So funktioniert der Lenkassistent in der Praxis.
TU Delft

Die Idee zum Lenkassistenten ist dem Siegeszug der E-Bikes geschuldet. Denn das klassische Hollandrad, wie es Gazelle herstellt, weist dank aufrechter Sitzposition und sehr spurtreuer Lenkung einen hohen Fahrkomfort auf. Mit den nun auch in den Niederlanden immer populärer werdenden E-Bikes steigen aber die Unfallzahlen, vor allem unter den älteren Radfahrern.

Unfallzahlen steigen bei Älteren

Wie das niederländische Verkehrssicherheitsinstitut (SWVO) in Studien festgestellt hat, sind die Unfälle mit Radfahrerbeteiligung zwischen den Jahren 2000 und 2010 um 30 Prozent gestiegen. Jährlich kommen rund 120 Radler über 55 Jahren bei Unfällen ums Leben, mehr als 4.000 dieser Altersklasse sind jedes Jahr in schwere Unfälle verwickelt. Mit der Zunahme von E-Bikes, die schwerer und schneller sind als herkömmliche Hollandräder, befürchtet man nun einen weiteren Anstieg der Unfallzahlen.

Daher haben die TU Delft unter der Teamleitung von Arend Schwab und Gazelle nun zusammen weltweit ersten Lenkassistenten für E-Bikes entwickelt. Die Technologie greift automatisch ein, wenn ein Kontrollverlust droht, und hilft so, die Spur zu halten. Erste Test haben ergeben, dass die Technik von den meisten Radfahrern als hilfreich empfunden wird.

Jahrelange Forschung als Basis

Die Erfindung fußt auf jahrelanger wissenschaftlicher Arbeit der Forscher in Delft, wo seit nunmehr 15 Jahren erforscht wird, wann und warum Fahrräder die Balance verlieren. Schwab und sein Team haben dazu sogar in wissenschaftlichen Journalen wie "Science" Arbeiten veröffentlicht. "Wir haben ein mathematisches Modell, basierend auf 25 physikalischen Parametern, erstellt, das erfolgreich die Stabilität eines Fahrrads je nach Design und Geschwindigkeit vorhersagen kann."

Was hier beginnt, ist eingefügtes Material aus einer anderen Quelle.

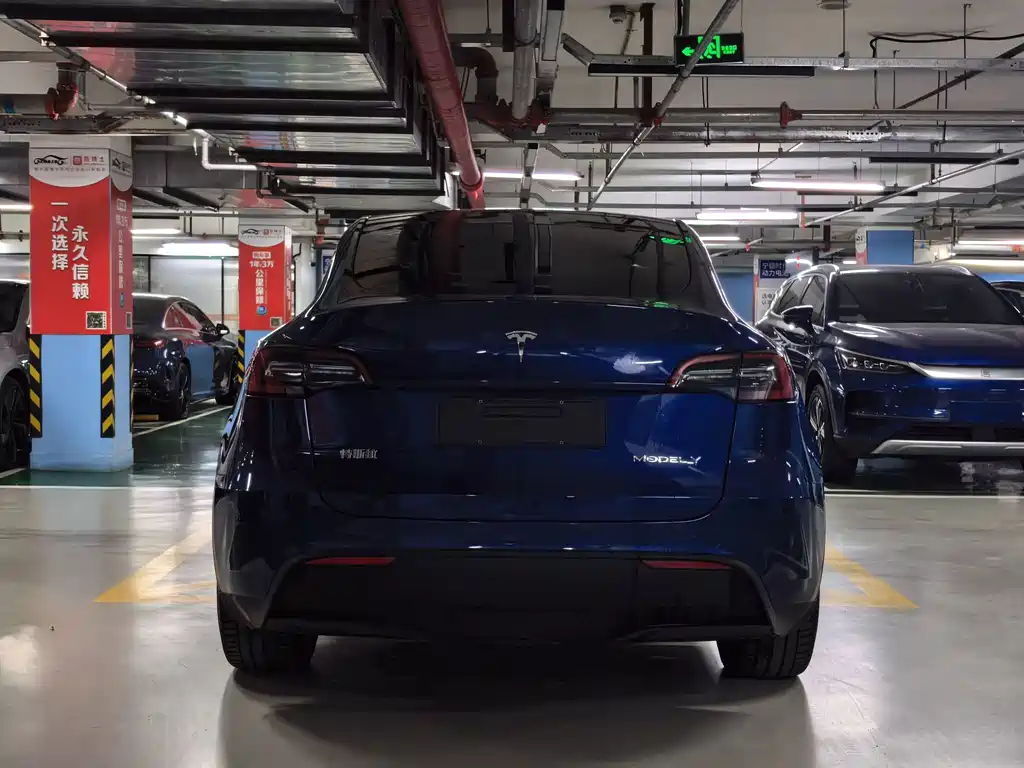 Tesla Model Y — миниатюра 5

Basierend auf diesen Erkenntnissen wurde der Lenkassistent entwickelt. Die Funktionsweise selbst sei recht simpel, sagt Schwab: "Man braucht einen Sensor, der erkennt, wann das Fahrrad kippt, einen Motor, der in die Lenkung eingreifen kann, und einen Prozessor, um den Motor zu kontrollieren." Die größte Herausforderung sei es gewesen, den richtigen Algorithmus für den Prozessor zu finden – genau dafür konnten die Forscher auf ihre bisherigen Erkenntnisse zurückgreifen.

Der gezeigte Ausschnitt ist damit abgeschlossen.